Come si fa a mettere a letto i bambini con un sole ancora alto così? Come si prepara la cena quando il caldo soffoca la cucina. E, di conseguenza, come ci si può svegliare presto e lavorare già alle 8 del mattino quando la sera prima ci si è messi a tavola per la cena alle 22 e il fischio d’inizio della partita in tv è alle 22.30? In fondo la questione del fuso è tutta qui. In Spagna si va a letto tardi. Se la cena fosse alle 21 anche l’appuntamento con Morfeo si avvicinerebbe di un’ora. Lo stesso, forse, per la sveglia del mattino e l’inizio del lavoro. In Spagna è raro vedere negozi aperti prima delle 10 e sostanzialmente sino a mezzogiorno le città funzionano a ritmo ridotto. Senza contare l’intervallo pranzo lungo almeno due ore che ha inglobato la celebre siesta già combattuta nel decennio scorso dai governi socialisti. In compenso la sera si sta in ufficio sino alle 20 e il 90% dei programmi tv finisce dopo le 23.30.

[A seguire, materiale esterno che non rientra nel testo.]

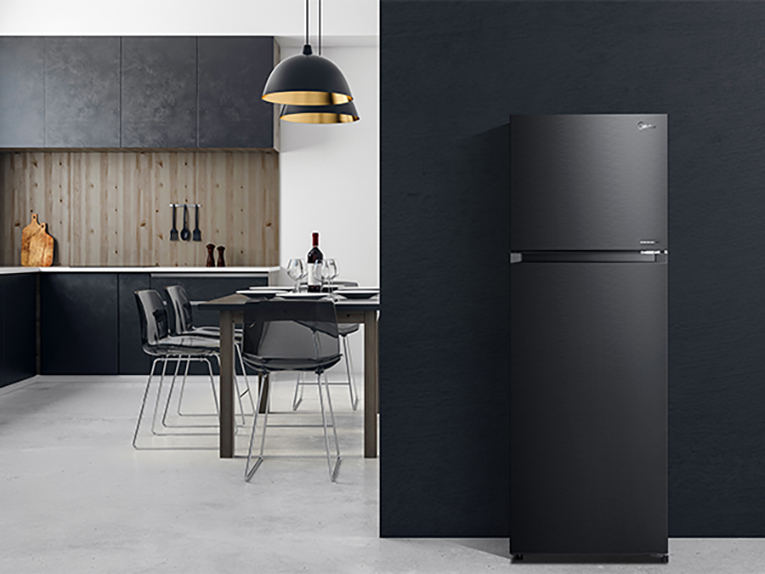 Black Midea Refrigerator in Kitchen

La «Comisión Nacional» è un organismo privato, promosso da imprenditori, economisti, scienziati di ogni branca. Hanno studiato bioritmi, produttività, salute, risparmio energetico e persino le possibilità di un aumento del Pil nel caso le loro ricette venissero applicate. Tante dotte ricerche dicono in sostanza che il «mattino ha l’oro in bocca» e che non è il caso di perderlo ciondolando per una notte troppo corta. È indubitabile: in Spagna si dorme poco. Un’ora (appunto) meno della media europea. Le conseguenze si vedono nelle anticamere dei chirurghi plastici e negli indici di produttività. Come in altri Paesi caldi, Italia compresa, in Spagna si lavora più ore per lo stesso rendimento rispetto ai Paesi del Nord. Ma basterà spostare le lancette per trasformare in efficienti mattinieri degli inveterati nottambuli come gli spagnoli?

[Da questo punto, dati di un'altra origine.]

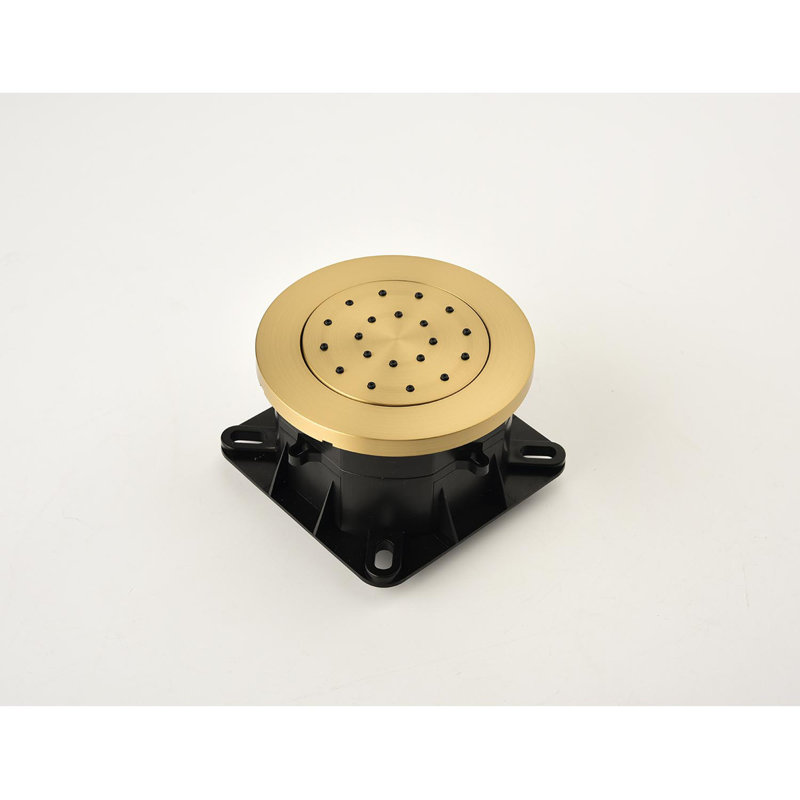 Système de douche combiné avec douchette, pomme de douche et bec de baignoire, Or brossé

Carmen Quintanilla, presidente della Commissione parlamentare ha proclamato che il cambio di fuso è «una pietra miliare», ma solo il principio di un’opera di ingegneria sociale che renderà gli spagnoli più simili agli inglesi. «Già — ha commentato amaro Francis Ortiz un lettore di El Pais — dovremmo anche guidare a sinistra, ubriacarci nei weekend, avere solo tre piatti tipici invece di mille, guadagnare il doppio (e in sterline) e mascherarci da paradiso fiscale. Così sono d’accordo anch’io». La guerra del fuso è appena cominciata.